Lendo e ouvindo o que se diz por aí, parece que não há lugar para dúvidas: a oposição de Passos Coelho a António Costa é frágil e sem consequência. Pelo menos é o que nos dizem vozes do PSD, vozes do PS e comentadores de vária espécie. Talvez seja verdade. Sofro de uma terrível falta de jeito para avaliar a eficácia das tácticas partidárias e é tarde demais para adquirir alguma sofisticação no capítulo. Mas de três coisas básicas tenho uma certeza absoluta. Primeiro, que foi o PS, versão Sócrates, que conduziu, alegremente e à vista de todos, o país à beira da bancarrota. Segundo, que foi Pedro Passos Coelho, depois de ganhar as eleições, que se dispôs, com uma coragem e um estoicismo difíceis de imaginar, a pôr alguma ordem na coisa pública. Terceiro, que, apesar da flagrante impopularidade de muito do que fez e de vários erros de percurso, conseguiu de novo que o PSD ganhasse as eleições. Que ao PS, versão Costa, tenha sido permitido, com as suas alianças, formar o actual Governo não muda um átomo no que respeita a este último facto. Isto tudo junto despertou em mim admiração pelo homem e desconfiança por relação aos herdeiros de Sócrates. Não creio que os sentimentos sejam incompreensíveis.

Mas, a acreditar em algumas sondagens, o mundo não foi feito para este género de gratidões, uma verdade que certamente não é de agora. E António Costa goza de uma popularidade idêntica à de Sócrates, quando, nas eleições contra Manuela Ferreira Leite, conseguiu formar o seu segundo Governo, numa altura em que as catástrofes que se avizinhavam já eram discerníveis a olho nu. E a propaganda, apesar de várias diferenças, é no essencial a mesma. O país é o país das maravilhas. As dúvidas de Pedro Passos Coelho, tal como as dúvidas da Manuela Ferreira Leite da altura, só podem resultar das piores razões, inclusive das piores razões de carácter. Toda a gente, através da propaganda, ficou a par do racismo e da xenofobia de Passos Coelho e do seu apetite pela “maledicência” (é verdade: Costa ressuscitou a expressão que não saía nunca da boca de Sócrates). Outra característica aparentemente sua é o “cinismo”: o cinismo de alguém, como explica esse pilar do Governo que dá pelo nome de Catarina Martins, que “espera que tudo corra mal ao país”. Um típico traidor, para levar o raciocínio às suas mais imediatas consequências. E um traidor a um país que paulatinamente se vem tornando, graças aos elevados sentimentos da gente do poder e ao seu superior discernimento, num verdadeiro país das maravilhas.
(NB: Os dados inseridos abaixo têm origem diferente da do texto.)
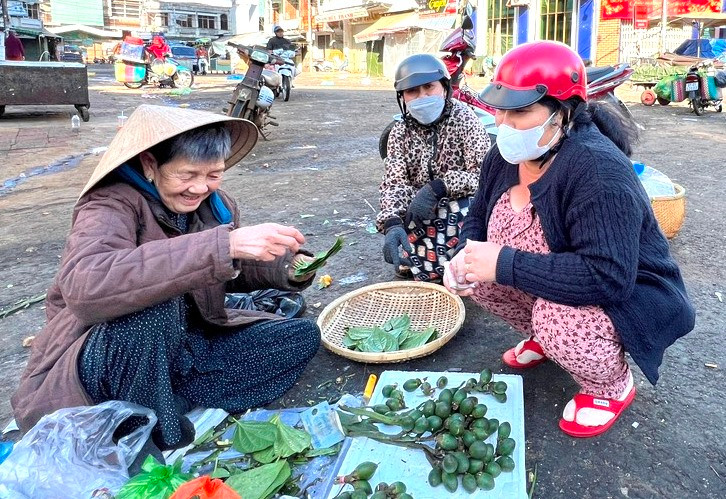 Mới hơn 6 giờ sáng mùng 2 Tết, bà Nguyễn Thị Hương (bìa trái, 90 tuổi ở 46 Trần Quý Cáp, TP. Pleiku) mang muối, trầu, cau ra trước cổng Trung tâm thương mại Pleiku bày bán để cầu may. Ảnh: Đinh Yến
É o que a propaganda não se cansa de repetir. Pela voz, por exemplo, da versão lusitana da recentemente célebre Ri-Chun-hee (a apresentadora televisiva da Coreia do Norte), o nosso conhecido João Galamba, que anuncia cada novo feito de Costa com um aprumo e uma efusividade que nada ficam a dever ao original norte-coreano e que fulmina os adversários com um incontido desprezo que sublinha, como se tal fosse preciso, a natural grandiosidade da sua própria pessoa. Não é certamente o único a praticar o exercício. Há por aí muitos outros generais do sorridente António Costa que dão saltinhos e palminhas a cada novo feito seu. E há a fatal filinha daqueles que se encostam ao poder, qualquer que ele seja, para tratarem da sua vidinha.

O chefe, entretanto, fala também de amor. Em Matosinhos, mencionou a “relação intensa” entre o PS e aquela cidade. “Intensa” apenas? Não: “uma relação de amor”, um amor vivido entre “alegrias” e “arrufos”, como convém às grandes paixões. Porque há mesmo uma indesmentível “paixão”. “E a paixão, naturalmente, dá calor a esta relação e torna-a particularmente emotiva”. Esta utilização pelo chefe de uma tal retórica, com o concomitante desvio relativamente a qualquer discurso racional, não é acidental. Pede-se emoção, amor, paixão. Em suma: reconhecimento do carisma próprio, como diria o outro. É um pouco o elogio do “grupo em fusão” de que falava Sartre, em que os indivíduos se indistinguem numa acção colectiva. A paixão, com um ou outro momento de arrufo, junta-os num corpo único dotado de uma vontade una.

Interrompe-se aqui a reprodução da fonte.